Louis Simpson won the Pulitzer Prize for his collection of poetry At the End of the Open Road in 1964. He has written ten books of poetry, several critical studies, a novel, and an autobiography, and he edited the anthology New Poets of England and America (1957). Born in the West Indies, the son of a lawyer of Scottish descent and a Russian mother, Simpson immigrated to the United States at the age of seventeen. Since 1967 he has taught at the State University of New York at Stony Brook.
One of Simpson's best-known poems is "Walt Whitman at Bear Mountain," which first appeared in his collection At the End of the Open Road. In this poem Simpson addresses a bronze statue of Whitman and inquires: "Where are you, Walt? / The Open Road goes to the used car lot" (Open Road 64). Simpson expresses his disappointment here and elsewhere in his work that the American dream and myth, so often expressed in grandiose terms by Whitman, has been tragically corrupted by materialism. In his poetry and prose, Simpson has played an influential role in the ongoing "dialogue" between post-World War II American poets and Walt Whitman.
Bibliography
Lazer, Hank. "Louis Simpson and Walt Whitman: Destroying the Teacher." Walt Whitman Quarterly Review 1.3 (1983): 1–21.

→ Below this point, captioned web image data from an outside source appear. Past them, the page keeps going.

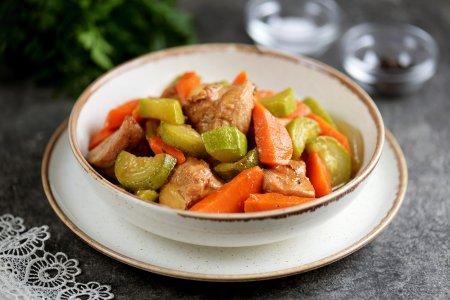Hähnchenfilet mit Gemüse in Sojasauce in der Pfanne – Schritt-für-Schritt-Rezept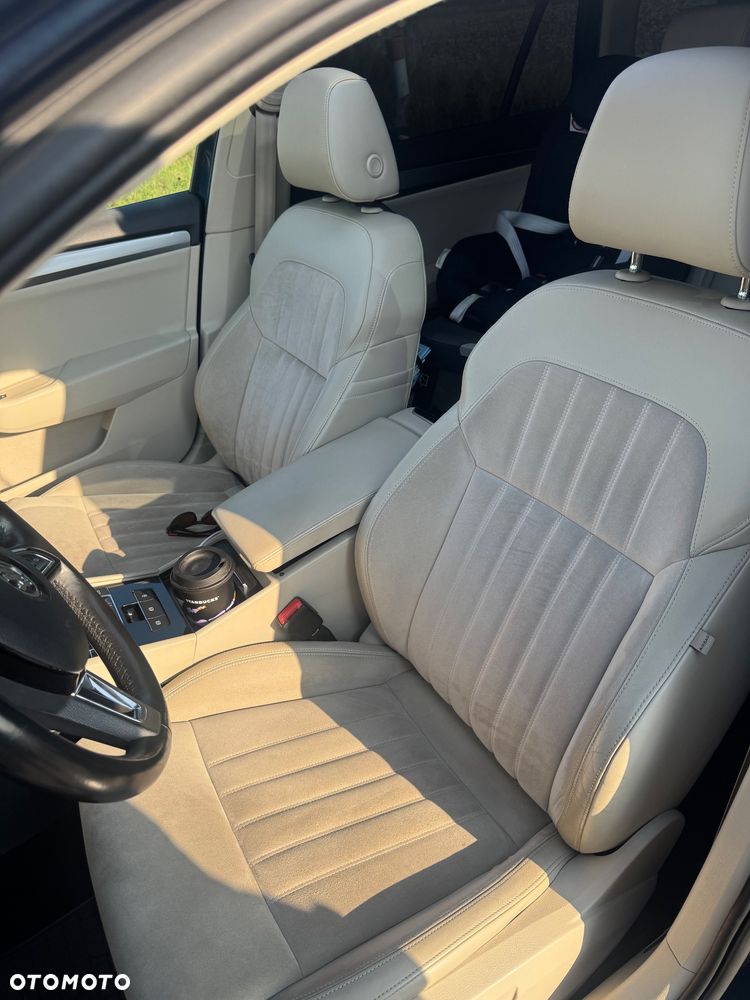 Skoda Superb 2.0 TDI DSG Style - 13
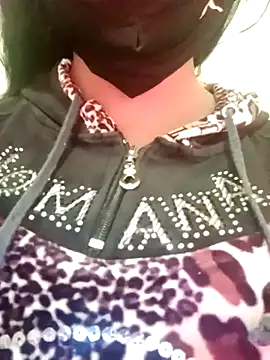 Snapshot of JAWHARA_ chatting on 12/22/25, 10:43 JAWHARA online show from 12/22/25, 10:43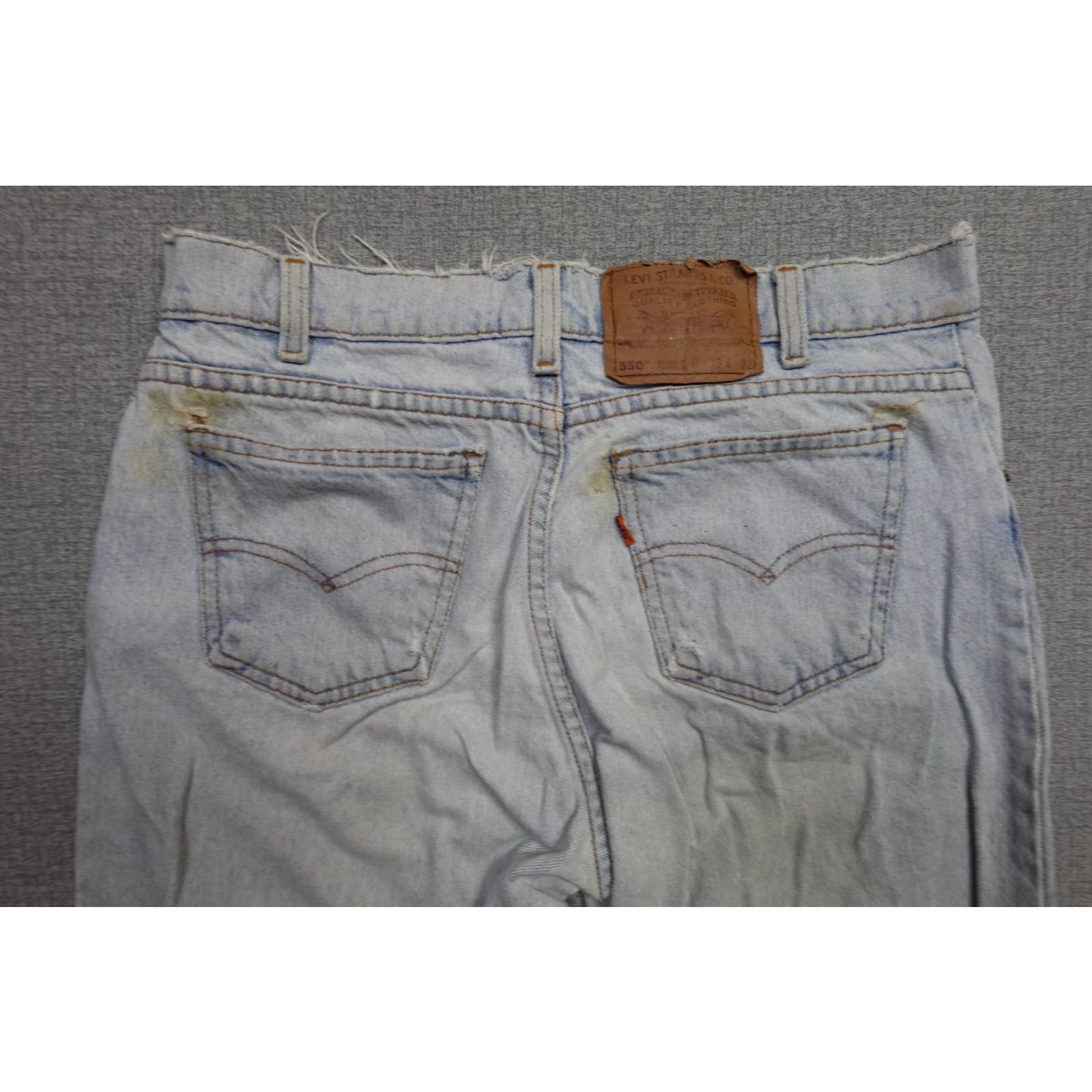 Levi's VINTAGE Levi's 550 Jeans Mens 33x32 Distressed Relaxed Tapered Denim Light Blue 90s Grunge Womens? Mens Size US 33 - 3 Thumbnail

Perlman, Jim, Ed Folsom, and Dan Campion, eds. Walt Whitman: The Measure of His Song. Minneapolis: Holy Cow!, 1981.
Simpson, Louis. At the End of the Open Road. Middletown: Wesleyan UP, 1963.
———. The Character of the Poet. Ann Arbor: U of Michigan P, 1986.
———. People Live Here: Selected Poems 1949–1983. Brockport, N.Y.: BOA Editions Ltd., 1983.